Chapter 21 establishes the baseline for the metrics that startups track. For example, a 5% growth rate is a good baseline for a startup. The time period for this growth depends on which stage your startup is at. The chapter also outlines other key baselines for metrics such as pricing metrics, cost of customer acquisition, site engagement and web performance.

Similar to chapters 8 to 13, chapter 22 to 27 examine the metrics for the six types of startups. Part 3 ends with a review of these concepts and strategies when startups do not have a clear baseline. Chapter 29 outlines the advantages of having enterprise customers and important metrics. The final chapter recommends readers ways they can apply Lean Analytics concept in their organisation.

Although this book covers a lot of topics, it fails to dive deeper into the specifics. In fact, some chapters contain information that tends to be shallow and generic. For example, in chapter 11, the authors discuss the business model of a media site. I expected the chapter to include evidence of how media businesses achieve growth with certain strategies. Similarly, the book covers the key metrics for media site in chapter 25. These metrics are click-through rates, sessions-to-click ratio, referrers, engaged time and sharing. The chapter only briefly reviews each metric. A more detailed guide on how startups can adapt using these metrics would have been useful. These issues notwithstanding, this book is a comprehensive guide for anyone who wants to incorporate analytics mindset in his life.
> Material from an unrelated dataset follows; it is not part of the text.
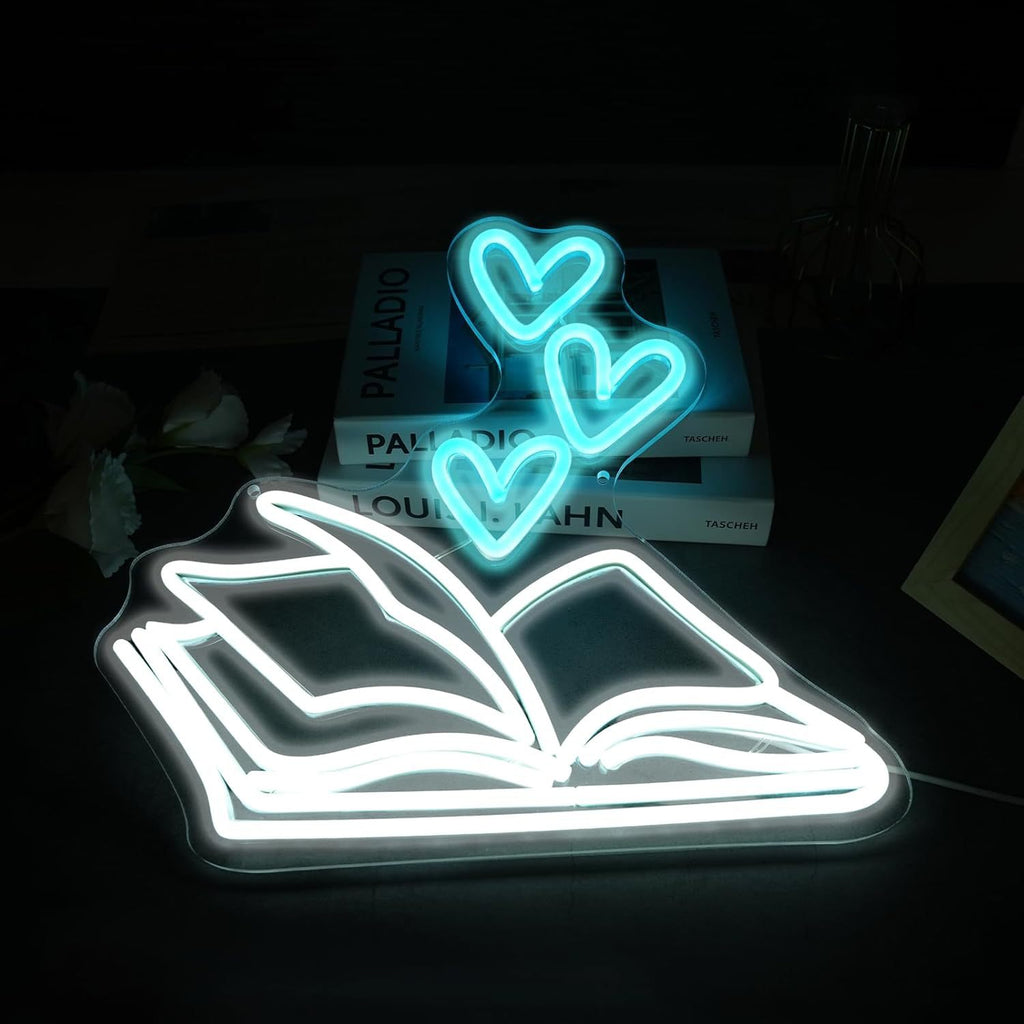 Dimmable LED Reading Neon Sign Wall Decor Light teemdrop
Overall, the authors deliver the main objective of the book, which is to guide readers to instil analytics in their business, from validating products to preparing for acquisition. Additionally, the authors have provided readers with a specific framework to track these metrics, depending on which stages of business they are at. To conclude, I recommend this book to anyone who wants to use analytics to grow their business effectively. The book is massive and if your business is already growing fast, you will not have the time to read this cover-to-cover. Nonetheless, it is worth reading if you want to apply analytics in a systematic way.